Pindan Pty Ltd

Pindan Pty Ltd was formed in 1955 to replace the failed Northern Development and Mining company. Don McLeod was chairman of the board of directors, and the other directors were Ernie Mitchell, Peter Coppin and Elsie Lee, a non-Aboriginal supporter who acted as the group’s purchasing agent in Perth. McLeod and Lee each held one share, while Mitchell, Coppin and four other marrngu (Coombie, Orange Muthering, Jacob Oberdoo and Jacob Windjaga) each held 1,000 shares in trust for the rest of the group. At first the company engaged primarily in grass-seed and pearl shell collection on the Pilbara coast, but in 1958 it turned its focus to mining manganese at Nimingarra in a joint enterprise with Albert Sims and co through a syndicate company called Simdan.

During the Pindan years of the second half of the 1950s, the group was defiantly independent, refusing to cooperate with the Department of Native Welfare and deliberately challenging discriminatory state legislation.

By mid-1959 there was discontent among Pindan members over company priorities. The economic prosperity of the early years of the decade remained elusive, and much of the group’s earnings were used to purchase equipment for company enterprises. Among other causes of discontent, members demanded that more of their earnings be returned to them, through the provision of better clothing, for example, and education for their children, a primary objective of the movement that had still not been achieved.
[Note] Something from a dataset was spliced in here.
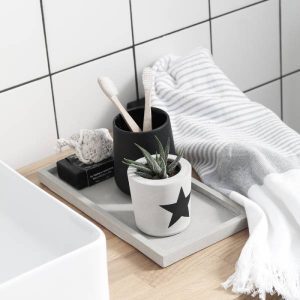 מגש בטון מעוצב לסלון או לאמבטיה בצורה מלבני – בטון אפור / לבן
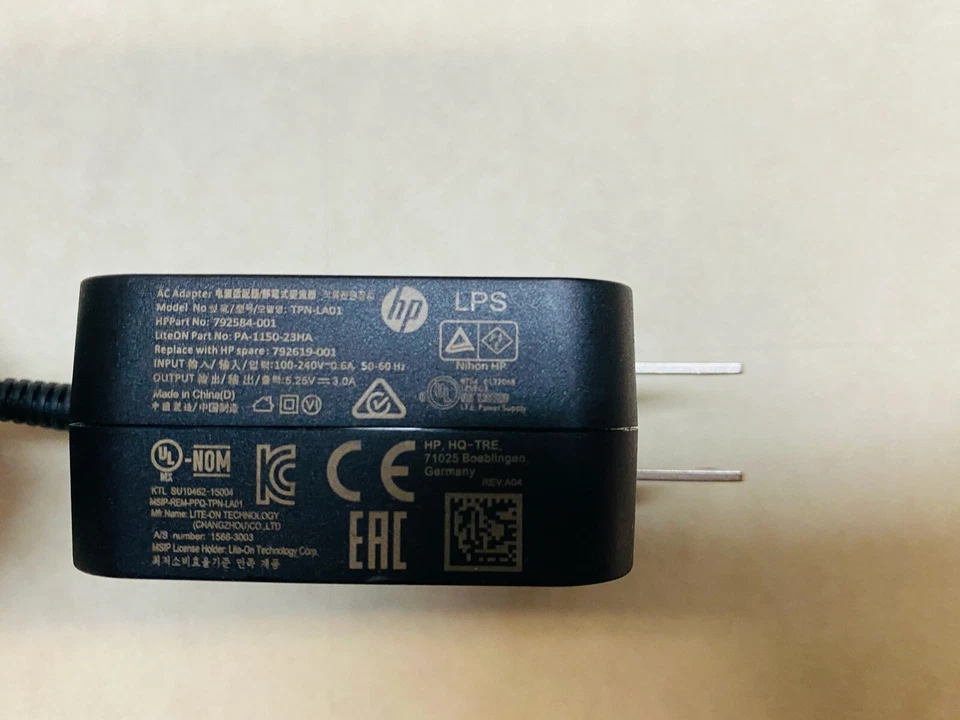 Adaptador de corriente alterna original para tableta HP 792584-001 5,25 V 3A 15 W TPN-LA01 USB tipo C Foto 3 de 3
Tensions came to a head when McLeod threatened to resign if the company retained T. J. Hughes as its lawyer. A majority of members voted to retain Hughes anyway, and McLeod accordingly resigned. Over the following months a significant portion of Pindan members joined McLeod to form a new company, called Nomads Pty Ltd., which acquired Strelley Station in 1973. Pindan continued under Ernie Mitchell’s leadership and later, as Mugarinya Aboriginal Corporation, acquired Yandeyarra Station.